─── Source data ───
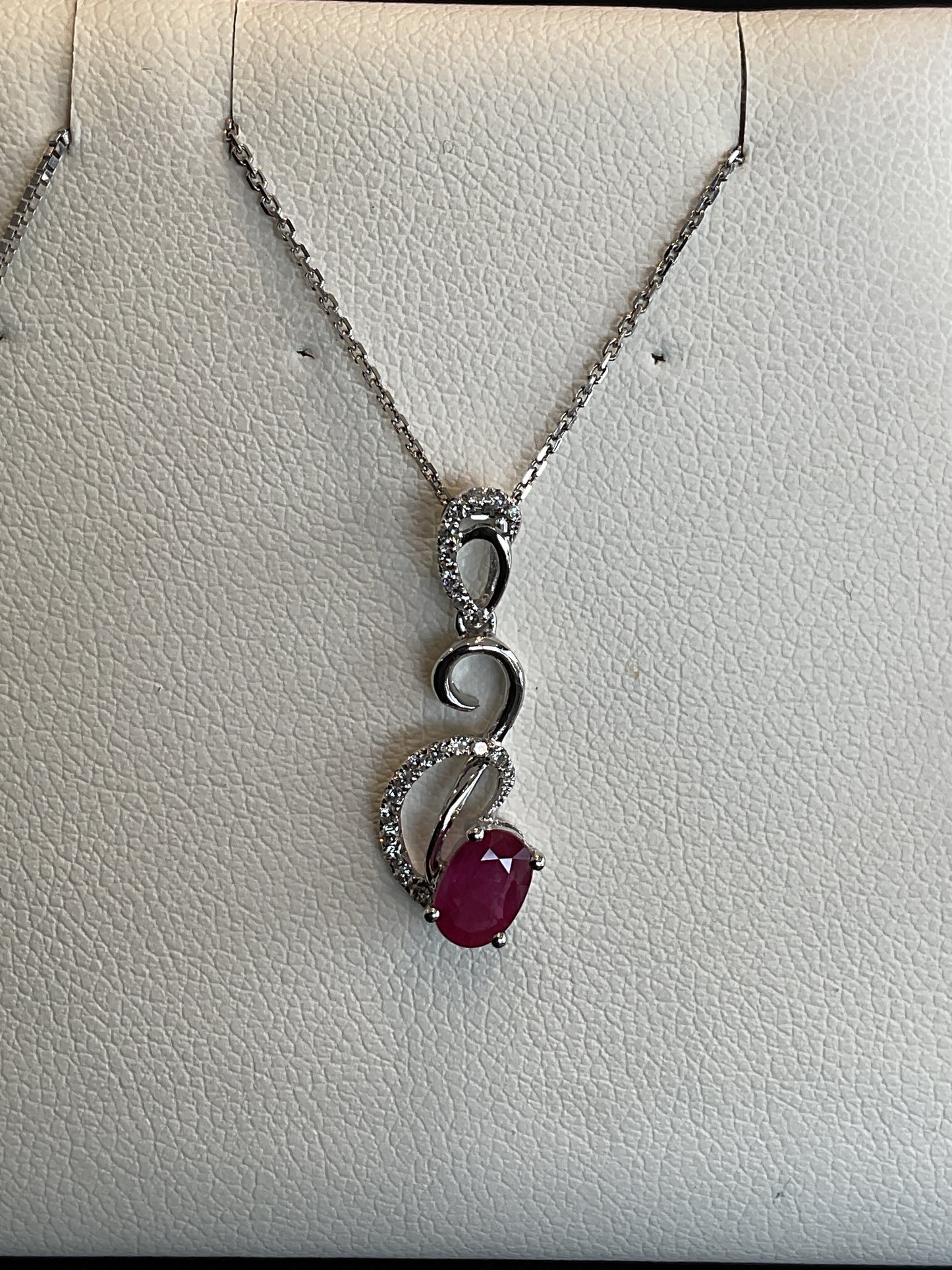 Oval Cut Red Ruby with Round Brilliant Cut Diamond Accents 14KT White Gold Fancy Necklace 18" Chain
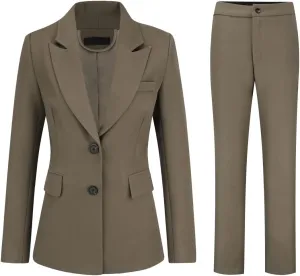 YUNCLOS Women's 2 Piece Office Work Suit Set One Button Blazer and Pants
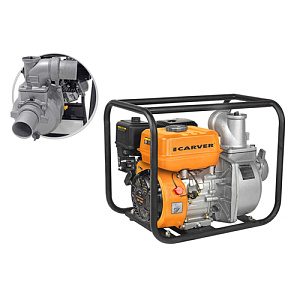 Мотопомпа Carver CGP 6080, 4-х тактное, 5, 2 кВт/7, 0 л.с, вх/вых.- 3,  /80 мм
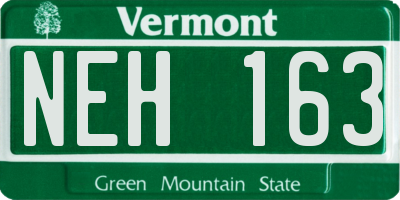 VT license plate NEH163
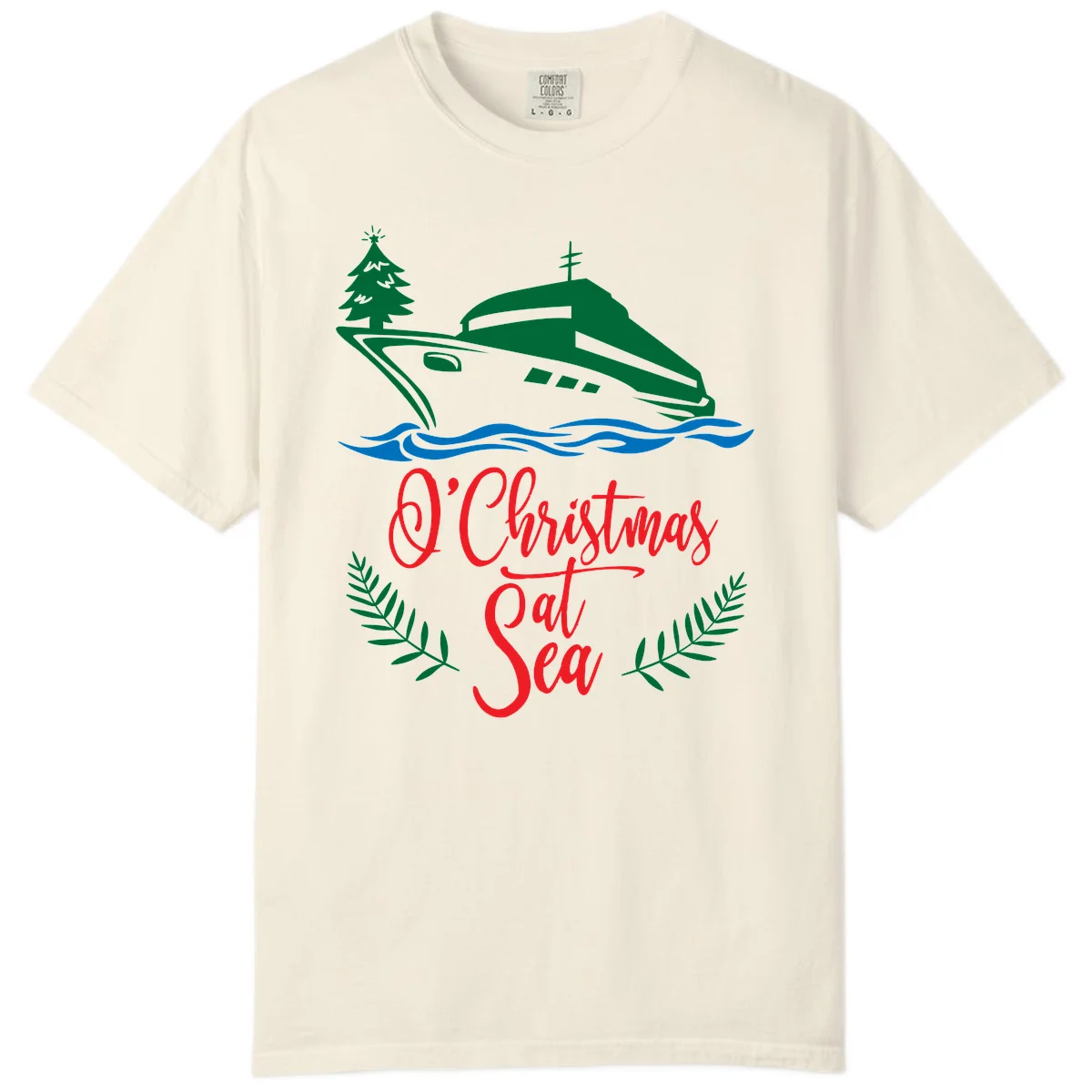 O Christmas At Sea Comfort Color Tee in Ivory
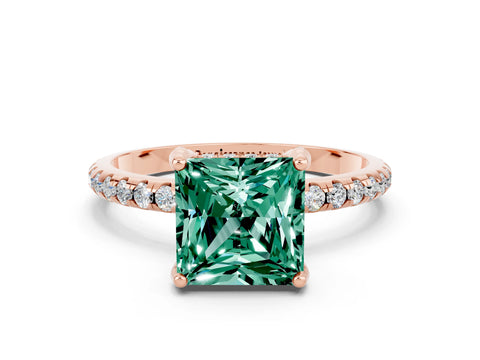 Rose gold Princess Cut Diamond Solitaire Ring with Four-Prong Setting and Pavé Band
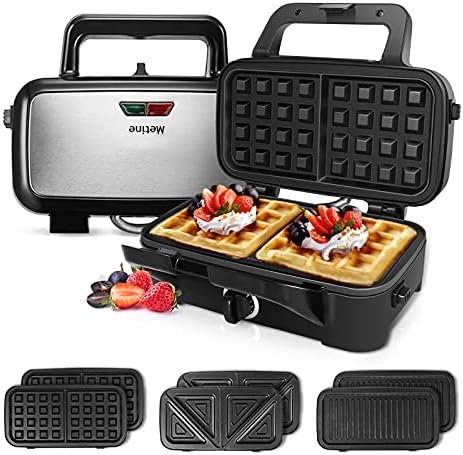 Metine Waffle Makers, 3-in-1 Waffle Iron Panini Press Sandwich Maker with Removable Plates, 5-gears Temperature Control Non Stick Coating Cool Touch Handle Anti-skid Feet for Breakfast 1200W 120V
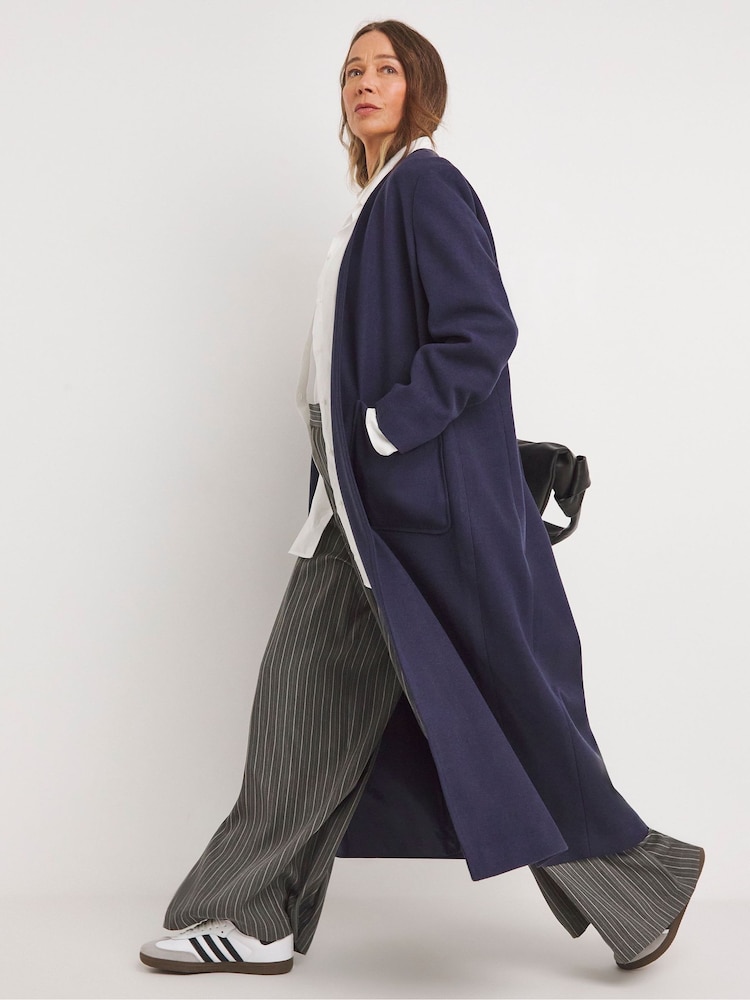 JD Williams Blue Blue Cuban Collar Long Line Coat - Image 1 of 4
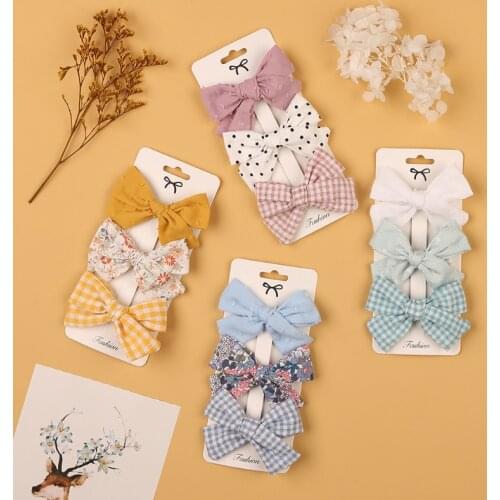 A2UB 4 Pcs Girls Cute Bowknot Hairpins Children Sweet Barrettes Hair Clips Headwear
───
Transcribe the listing above exactly, leaving every picture out.

* **Response to the exercise**
 Oval Cut Red Ruby with Round Brilliant Cut Diamond Accents 14KT White Gold Fancy Necklace 18" Chain
 YUNCLOS Women's 2 Piece Office Work Suit Set One Button Blazer and Pants
 Мотопомпа Carver CGP 6080, 4-х тактное, 5, 2 кВт/7, 0 л.с, вх/вых.- 3,  /80 мм
 VT license plate NEH163
 O Christmas At Sea Comfort Color Tee in Ivory
 Rose gold Princess Cut Diamond Solitaire Ring with Four-Prong Setting and Pavé Band
 Metine Waffle Makers, 3-in-1 Waffle Iron Panini Press Sandwich Maker with Removable Plates, 5-gears Temperature Control Non Stick Coating Cool Touch Handle Anti-skid Feet for Breakfast 1200W 120V
 JD Williams Blue Blue Cuban Collar Long Line Coat - Image 1 of 4
 A2UB 4 Pcs Girls Cute Bowknot Hairpins Children Sweet Barrettes Hair Clips Headwear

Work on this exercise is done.